The practical effect: when you exclude an eye blink component, the frontal channels visibly flatten where the blinks were. When you exclude a muscle component, the temporal channels lose their high-frequency fuzz. You can see the cleaning happening, channel by channel, in real time.

Interactivity matters here. If toggling a component required a multi-second recomputation, clinicians would stop exploring. The system stays responsive through pre-computation: after ICA is fitted, the mixing matrix and all source activations are computed once and cached in memory. When you change which components are excluded, the reconstruction is a single matrix multiplication—kept columns of the mixing matrix times kept rows of the source matrix. On a 19-channel, 5-minute recording, this takes milliseconds.

The display pipeline runs in a specific order that matters for accuracy: raw working data → ICA reconstruction from kept components → display filtering → montage application → scaling to microvolts. ICA subtraction happens before display filtering so that the filter operates on the cleaned signal, not on artifacts that are about to be removed.

When you’re satisfied with the preparation—channels reviewed, segments selected, ICA components classified—you sign off. This is a deliberate, explicit action, not something that happens automatically when you close the window.

Sign-off triggers a processing sequence: bad channels are interpolated via spherical splines, average reference is re-applied to the interpolated data, ICA exclusions are applied, the selected segment is cropped, and excluded segments are annotated. The result is saved as a preprocessed .fif file that the analysis pipeline reads as its input.

Critically, sign-off also writes a provenance record: who reviewed the data, when, which channels were marked bad, which segments were excluded, which ICA components were kept and rejected, and the ICLabel probabilities for every component.

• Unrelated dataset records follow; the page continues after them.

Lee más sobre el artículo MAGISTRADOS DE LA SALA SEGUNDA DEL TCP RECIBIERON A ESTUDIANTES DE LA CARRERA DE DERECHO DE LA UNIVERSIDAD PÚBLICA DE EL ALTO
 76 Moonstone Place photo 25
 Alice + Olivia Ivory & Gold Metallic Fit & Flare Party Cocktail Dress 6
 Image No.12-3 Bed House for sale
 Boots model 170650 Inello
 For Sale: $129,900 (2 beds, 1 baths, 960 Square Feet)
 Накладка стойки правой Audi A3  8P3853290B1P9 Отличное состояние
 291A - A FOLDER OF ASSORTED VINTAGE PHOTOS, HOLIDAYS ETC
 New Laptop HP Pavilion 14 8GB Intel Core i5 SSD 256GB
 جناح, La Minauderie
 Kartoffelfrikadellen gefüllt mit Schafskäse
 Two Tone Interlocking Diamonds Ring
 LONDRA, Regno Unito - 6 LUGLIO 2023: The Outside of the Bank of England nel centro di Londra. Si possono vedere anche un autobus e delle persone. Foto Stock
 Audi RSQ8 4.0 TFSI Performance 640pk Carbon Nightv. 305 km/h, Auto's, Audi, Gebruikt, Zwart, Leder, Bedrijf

This is the audit trail. If a colleague questions a finding in the clinical report, the provenance record shows exactly what cleaning decisions produced the analyzed signal.

The sign-off is per-condition. If a session includes both eyes-open and eyes-closed recordings, each condition goes through its own data preparation and sign-off. If ERP data is present, it chains to an epoch review workflow after the resting conditions are signed off.

Artifact Subspace Reconstruction can also be run interactively during data preparation, with the same parameters described in the Artifact Rejection page. There is one important constraint: ASR modifies the underlying data that ICA was fitted on. If you run ASR after fitting ICA, the decomposition is no longer valid—the unmixing matrix was computed on pre-ASR data and cannot be meaningfully applied to post-ASR data. The application warns you and requires re-fitting ICA if you apply ASR after a fit.

The recommended workflow is to review the raw data first, apply ASR if needed for large transient artifacts, and then fit ICA on the ASR-cleaned signal. This matches the two-layer architecture: ASR handles the gross contamination, ICA separates the subtler ongoing sources.

Data preparation is a cleaning step, not an analysis step. It does not compute spectra, connectivity, or any clinical metrics. It does not generate report content. Its sole output is a clean, signed-off .fif file with an accompanying provenance record.

This separation is deliberate. Cleaning decisions should be made without being influenced by their downstream effects. If a clinician could see that excluding a particular component changes a z-score from abnormal to normal, the temptation to rationalize keeping that component would be difficult to resist. By separating preparation from analysis, the pipeline ensures that cleaning decisions are made on signal quality grounds alone.

The analysis pipeline reads the .fif file and provenance record, applies the same processing stages to every recording, and produces the stage outputs that the dashboard visualizes. Every cleaning decision propagates forward—and every decision is traceable back to this step.